£25k Reward To Find Anxiang Du
27 April 2012, 15:37 | Updated: 27 April 2012, 17:38
Police hunting a Chinese businessman wanted for killing a university lecturer, his wife and their two daughters have marked the anniversary of their killing by launching a world wide appeal to catch him and increasing a reward for £25,000 for his arrest.
Anxiang Du, 53, is the prime suspect for the murder of the family of four on the day of the Royal Wedding last year.
Jifing Ding, 46, his wife Helen, 47, daughters Xing, 18, and Alice, 12 - were found stabbed to death in their home in Simpson Manor, Wootton, Northampton on May 1 last year - two days after they were attacked.
The family had lived in the UK since the early 1990s.
Police named Du - a former business partner of Helen in herbal remedy shops - as their prime suspect. The killings on April 29 last year came the day after a court order froze his assets. They had been in a business dispute for 9 years.
DCI Tom Davies, who is leading the investigation, said:
"We believe he has been assisted and had left the UK fairly shortly after the murders."
He said there had 380 sightings of Du - including in the UK, France, Spain and Gibralter, but there had been no confirmed sightings of him anywhere in the world.
Du, from Coventry, was caught on CCTV travelling by train from Birmingham where he worked to Northampton. He then caught a bus to Wootton arriving at around twenty past one on the Friday.
The killings happened between 3pm and 4pm. The parents were killed downstairs and the children upstairs. They were all stabbed in the chest.
He left the scene in a silver Corsa car - registration number B60PMO - that had been hired by Xing. It was discovered in north west London. CCTV picked Du up in Venables Street, Westminster at 2.27am on Saturday 30 April. Police say he is 5' 9" and of slim build. His family reported him missing on Friday 29 April. He left them a "goodbye note."
Neighbours raised the alarm after not seeing the family for two days and their bodies were found.
It was revealed that Xing, made an abandoned, screaming 999 call during the killings. An investigation by the Independent Police Complaints Commission found that the call was not correctly identified and led the police to focus on the wrong address.
The force acknowledged that while it is unlikely the family could have been saved, it is possible they could have caught Du if the call had been properly identified.
The car was found by a member of the public in a mixed residential and commercial area in North West London at half past one on Wednesday afternoon.

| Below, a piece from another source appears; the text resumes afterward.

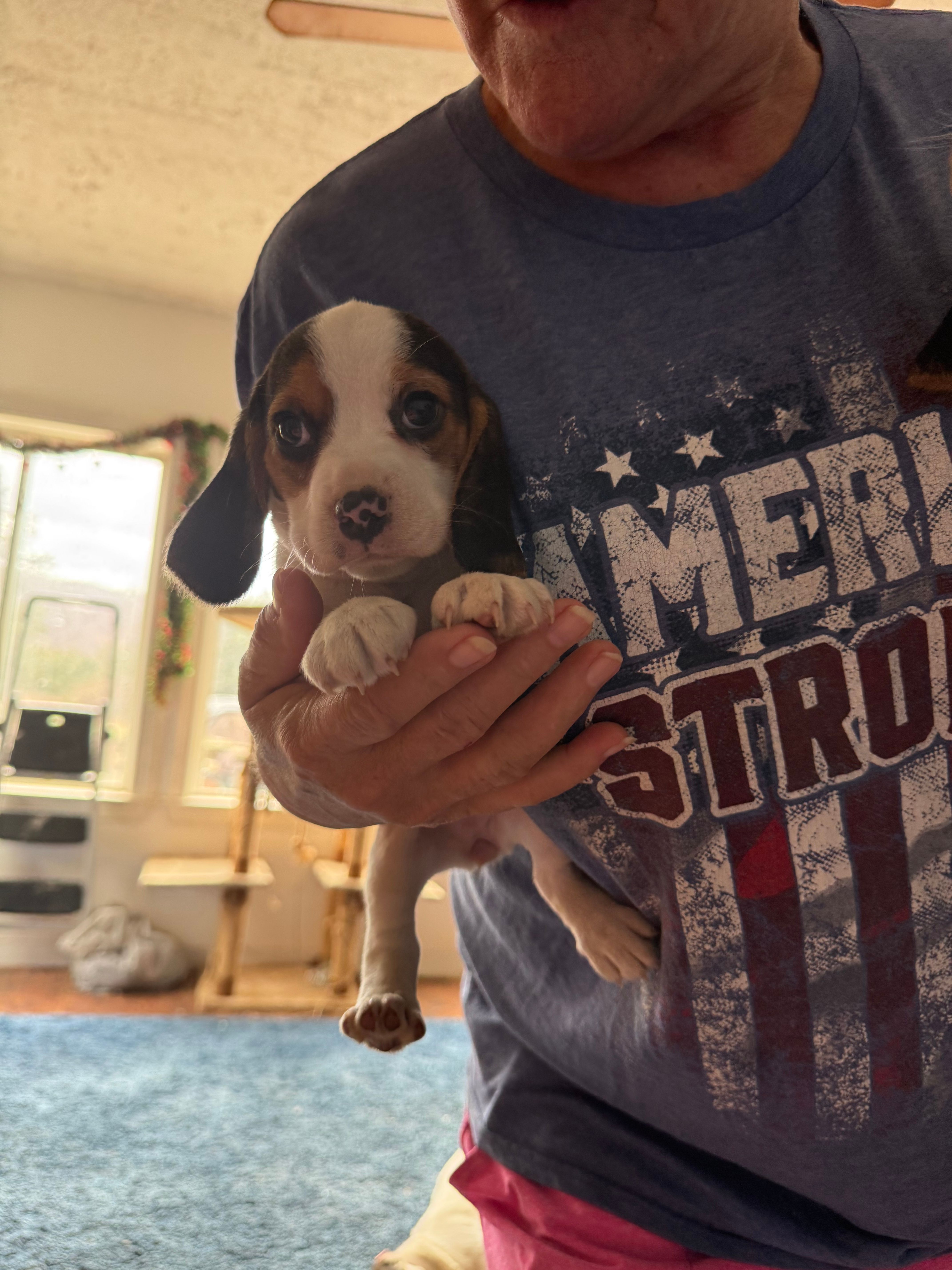 Dottie – Beagle puppy for sale in Dyke, VA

Earlier this month DCI Davies returned from China where he and two other detectives spoke to associates of Du and relatives of the Ding family in the city of Hangzhou.
DCI Davies they had briefed the Chinese police and the family of the victims including the grandparents who were in their 80's. "We still have on going inquiries with Chinese law enforcement. The family visited a shrine to the family outside Hangzhou
Mr Ding taught at Manchester Met University, Mrs Ding worked part-time as a Mandarin teacher at Caroline Chisholm School in Northampton, where Alice was a Year Seven student. Xing was a sixth form student and deputy head girl at Northampton High School. Both girls were talented musicians.
Last week Northants police arrested four people in connection with the murder.
A 54-year-old woman from Radford, Coventry, a 39-year-old woman in Gloucester, a 25-year-old man in Islington, London and a 22-year-old woman from Southend, Essex were all arrested on suspicion of assisting an offender. They have all been bailed.